* WHAT TO WORK ON: Could you please retype exactly the lines from the start of the records below through the line that contains "Let me talk", both included, and leave out the pictures?

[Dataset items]
○ ○ ○ ○ ○ ○ ○

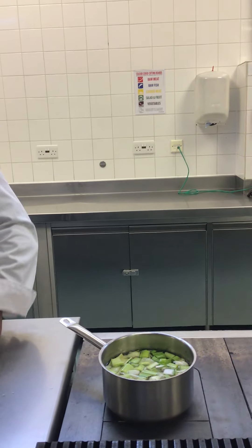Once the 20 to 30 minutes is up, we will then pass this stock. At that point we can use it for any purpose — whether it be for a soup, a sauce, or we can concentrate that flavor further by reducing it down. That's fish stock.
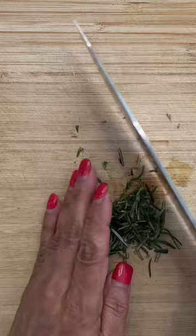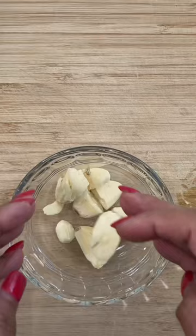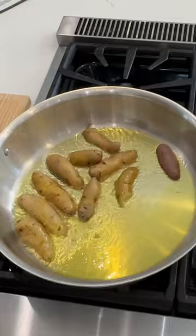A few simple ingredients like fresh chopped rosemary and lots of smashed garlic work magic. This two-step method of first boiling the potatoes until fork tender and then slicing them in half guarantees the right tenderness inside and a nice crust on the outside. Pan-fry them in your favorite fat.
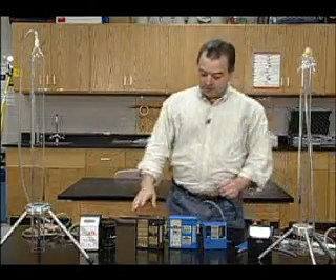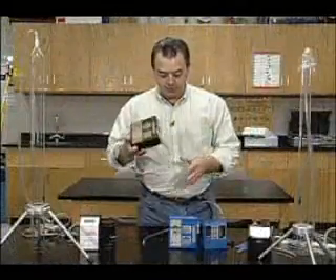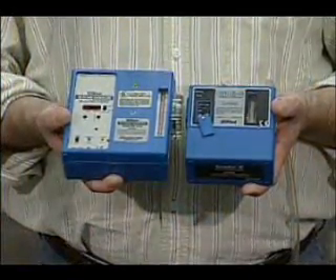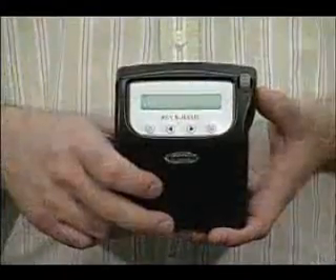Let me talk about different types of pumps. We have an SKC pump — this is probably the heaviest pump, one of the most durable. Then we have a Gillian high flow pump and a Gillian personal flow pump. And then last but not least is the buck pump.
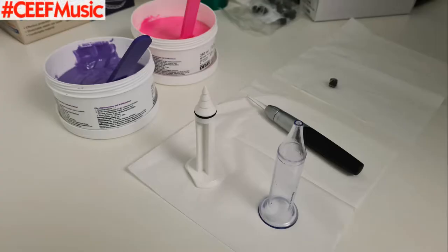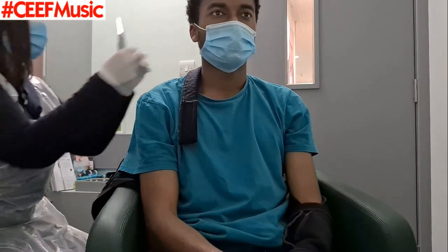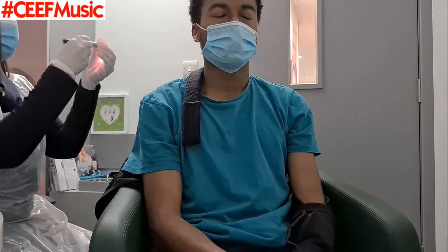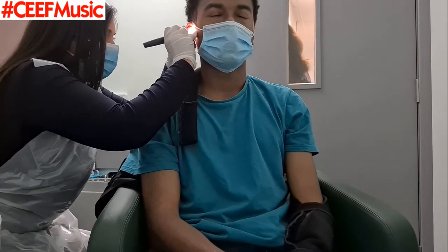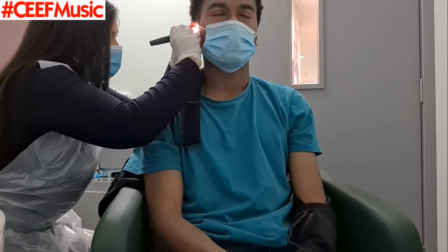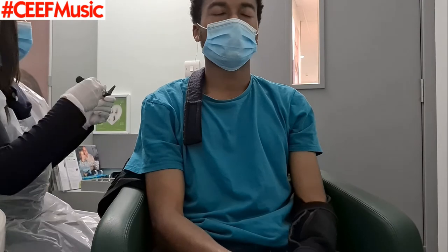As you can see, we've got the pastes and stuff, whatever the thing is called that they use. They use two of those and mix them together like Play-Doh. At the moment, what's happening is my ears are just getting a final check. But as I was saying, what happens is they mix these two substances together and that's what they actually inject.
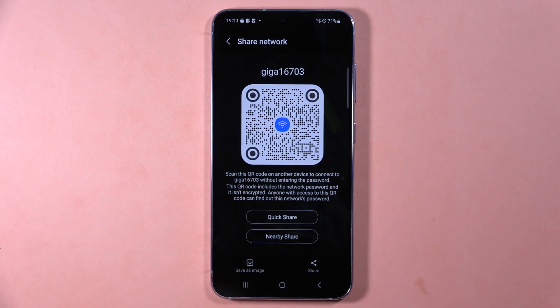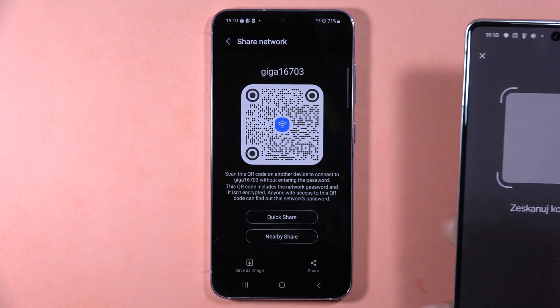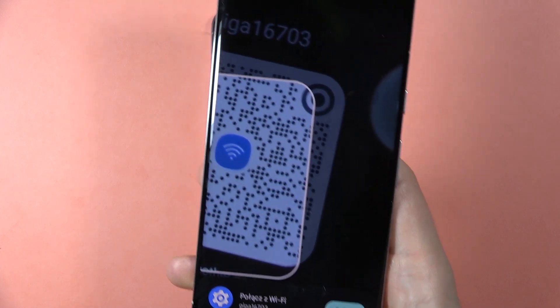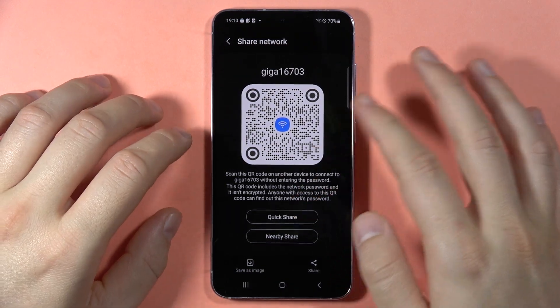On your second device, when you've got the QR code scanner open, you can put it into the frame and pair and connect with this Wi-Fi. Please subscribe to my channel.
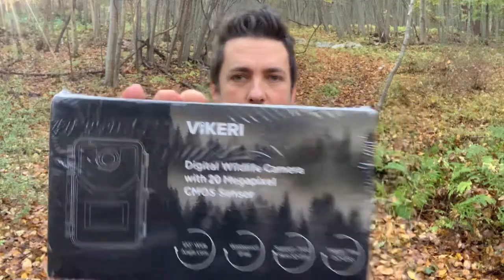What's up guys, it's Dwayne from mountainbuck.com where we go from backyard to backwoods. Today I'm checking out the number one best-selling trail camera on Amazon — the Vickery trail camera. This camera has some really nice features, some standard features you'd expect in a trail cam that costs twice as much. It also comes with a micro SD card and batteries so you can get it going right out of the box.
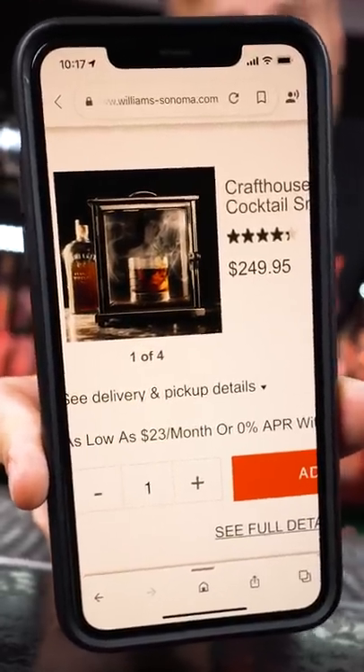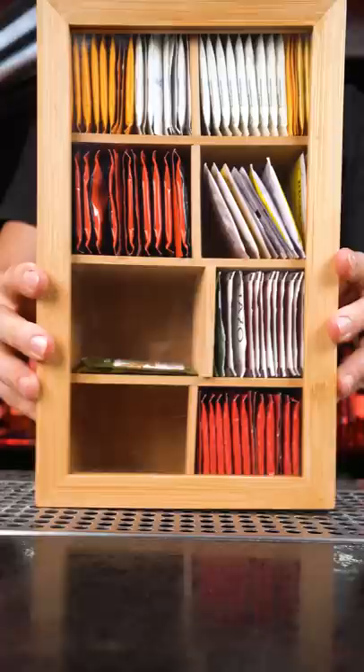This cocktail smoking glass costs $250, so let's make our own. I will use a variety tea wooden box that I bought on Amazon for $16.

○ ○ ○ ○ ○ ○ ○

* RESPONSE AREA:
Once the 20 to 30 minutes is up, we will then pass this stock. At that point we can use it for any purpose — whether it be for a soup, a sauce, or we can concentrate that flavor further by reducing it down. That's fish stock.
A few simple ingredients like fresh chopped rosemary and lots of smashed garlic work magic. This two-step method of first boiling the potatoes until fork tender and then slicing them in half guarantees the right tenderness inside and a nice crust on the outside. Pan-fry them in your favorite fat.
Let me talk about different types of pumps. We have an SKC pump — this is probably the heaviest pump, one of the most durable. Then we have a Gillian high flow pump and a Gillian personal flow pump. And then last but not least is the buck pump.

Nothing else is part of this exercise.